I’d hoped my local Tesco would be quiet on Saturday but the car park was rammed – how dare all these people shop when I want to!

There were droves of them – as in families with children. Children! Outside on a sunny Saturday! Milling about in all directions and curiously jolly, carrying bright balloons, multi coloured ice-creams and bags of stuff. And there was music in the distance.

“Something going on” I thought “and I’m missing it.”

Shopping plans on hold, I followed my nose around the corner to Lord Lane Playing Fields. Banners announced the event as ‘Failsworth Carnival’. It was only a quid to get in, so in I went. Can’t resist an ice-cream you see.

The ‘fields’ are quite big. There was a fun fair at the far end, an open space in the centre and scattered about were a mishmash of stalls, fast food vans, bouncy castles, a large stage and areas marked out with ticker tape.I wandered about amongst the crowd for a while. Felt like a wally on my own but once I had a ’99’ with strawberry goo in my hand I didn’t care.

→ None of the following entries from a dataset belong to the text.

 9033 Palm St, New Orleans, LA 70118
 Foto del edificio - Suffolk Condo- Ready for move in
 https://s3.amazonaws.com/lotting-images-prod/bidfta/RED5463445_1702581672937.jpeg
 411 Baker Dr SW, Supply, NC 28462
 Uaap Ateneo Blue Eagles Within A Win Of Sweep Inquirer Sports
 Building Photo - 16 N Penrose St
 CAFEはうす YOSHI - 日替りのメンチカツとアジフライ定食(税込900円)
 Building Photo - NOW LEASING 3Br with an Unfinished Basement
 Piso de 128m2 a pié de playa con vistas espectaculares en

There were singers and musicians on the stage, dancers rehearsing for a dance competition, keep fit ladies keeping fit, karate kids doing, wait for it, karate and not just one but several Carnival Queens. Carnival Queens aren’t something you see every day and they were just delightful.When I left about an hour later the lady at the gate said “Did you enjoy the parade?”

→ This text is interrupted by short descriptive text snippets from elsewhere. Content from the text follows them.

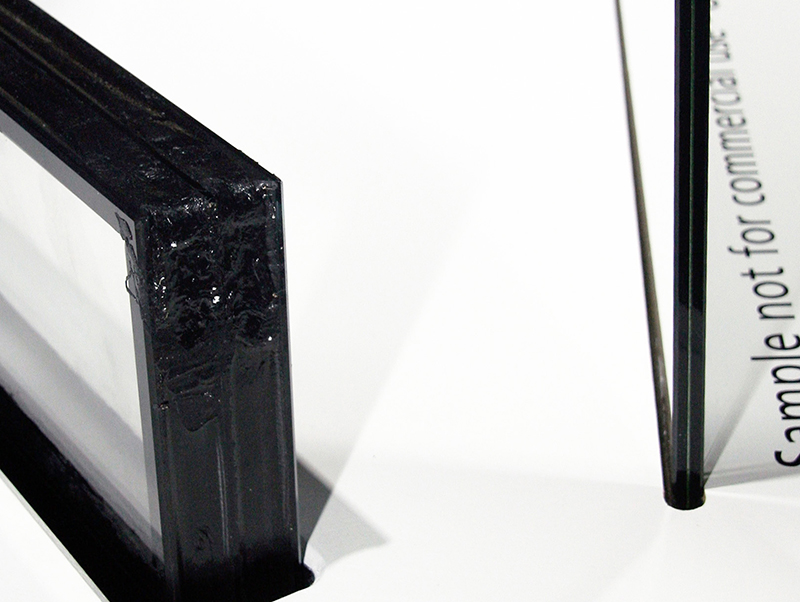 Der direkte Vergleich zwischen dem neuen Vakuum-Isolierglas Fineo (re.) von AGC Glass Europe und einem konventionell aufgebauten Dreifach-Isolierglas mit ähnlicher Wärmedämmwirkung zeigt deutlich den erheblichen Dickenunterschied. Die beiden im Standardaufbau vier Millimeter dicken Scheiben von Fineo trennt ein 0,1 Millimeter dickes Vakuum. Foto: © Vössing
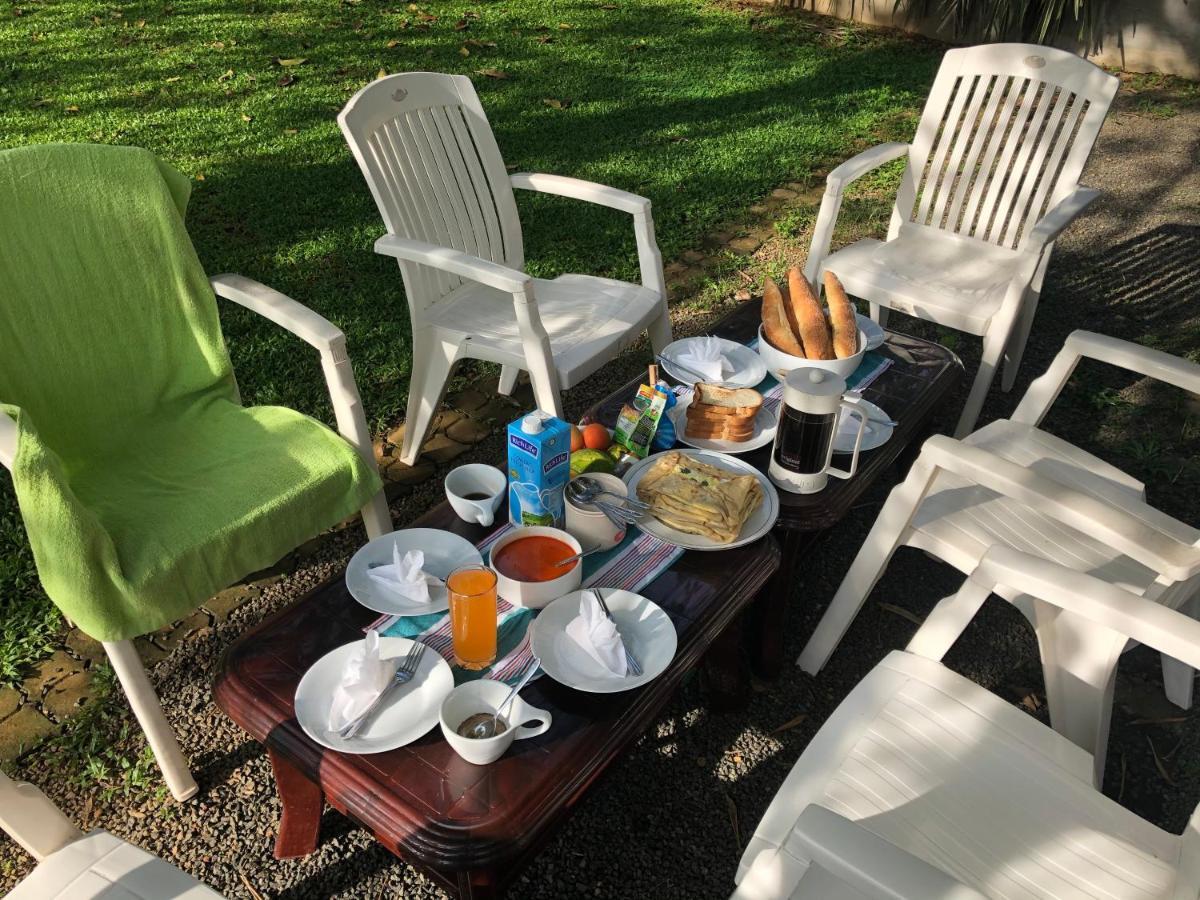 Circus Lagoon Hideaway Bed & Breakfast Dodanduwa Bagian luar foto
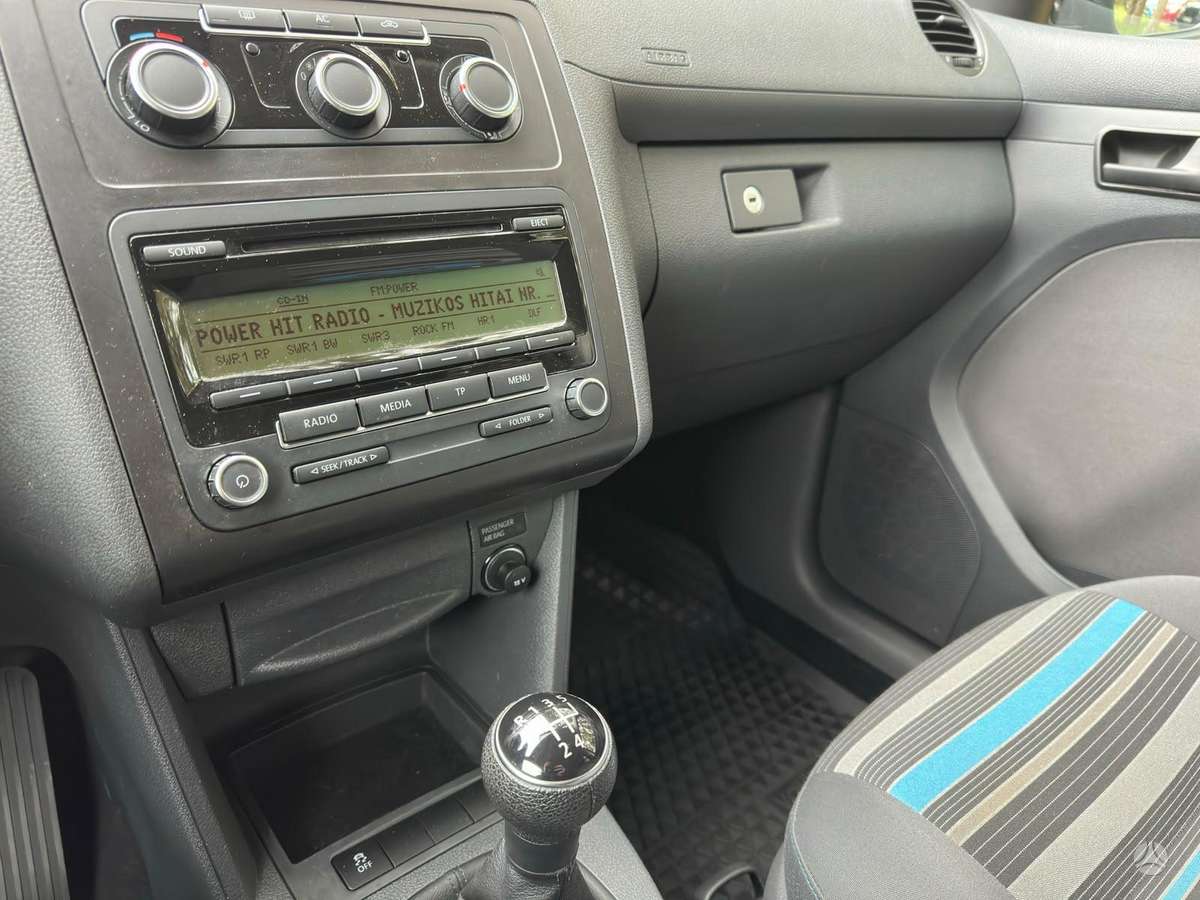Volkswagen Caddy 2011 — photo 22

“Nope. Missed it.” She looked disappointed and I felt bad, like I’d let her down. “Come back again tomorrow.” She suggested. “There’s lots more going on.” So I did and there was.

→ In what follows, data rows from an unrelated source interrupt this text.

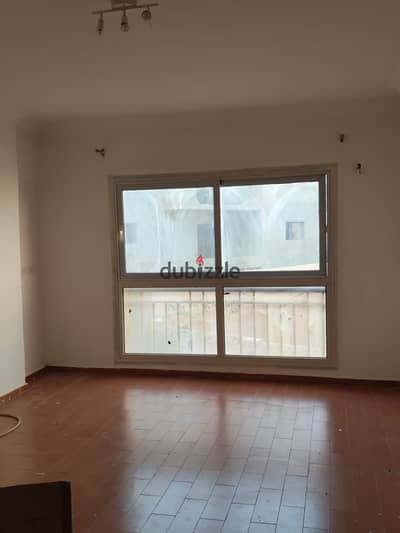 Apartment for rent, empty, in the tenth neighborhood, 3 rooms, three bathrooms, and a large reception or balcony with an elevator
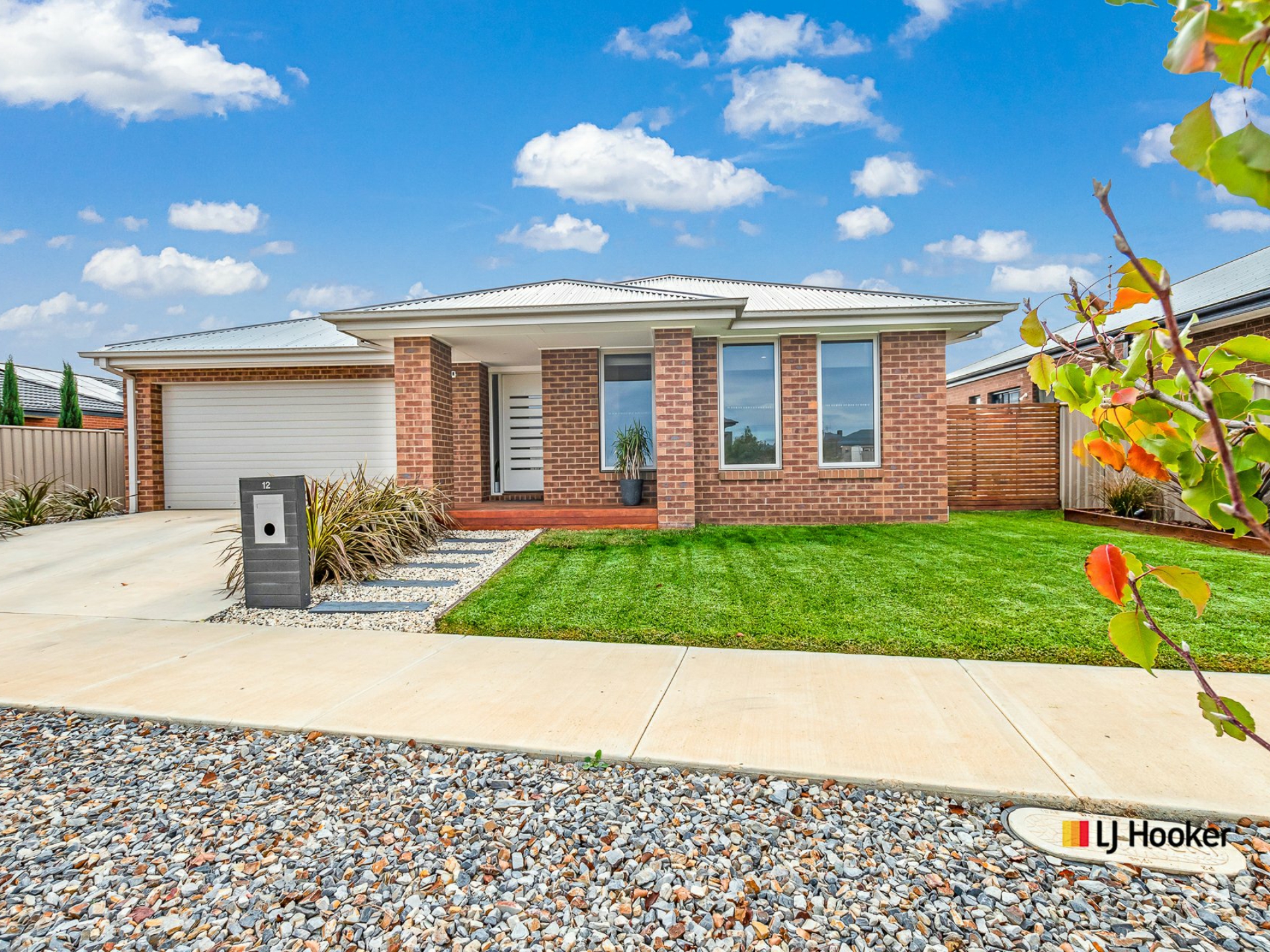 12 Magnolia Drive, ECHUCA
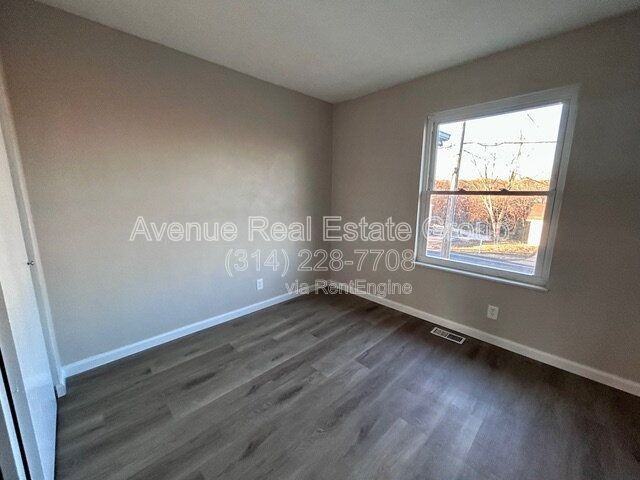 3751 Miller Rd - Photo 4 of 10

Another ’99’ in hand and I settled myself by the stage on the grass. There was a Zumba display and routines by Diva Dance. Then  a group of youngsters performed Ed Sheeran tracks and hits from The Greatest Showman and Annie. The soloists were fabulous and one even sang her own composition. Such talent! Called Footlights if you want to find out more.  It was an absolute joy and all for the grand entrance fee of £1!Before I left I took another walk around the field and checked out displays by New Moston Scouts, Fostering Solutions, Love Food Hate Waste,  Failsworth Community Choir, Army Recruitment and Girlguiding (who are after volunteers), Blood Bikes and more.The start of the Bouncing Baby Competition was announced when I got to the gate but Tesco beckoned and I’d have ended up with no Sunday lunch. I’ll come back next year.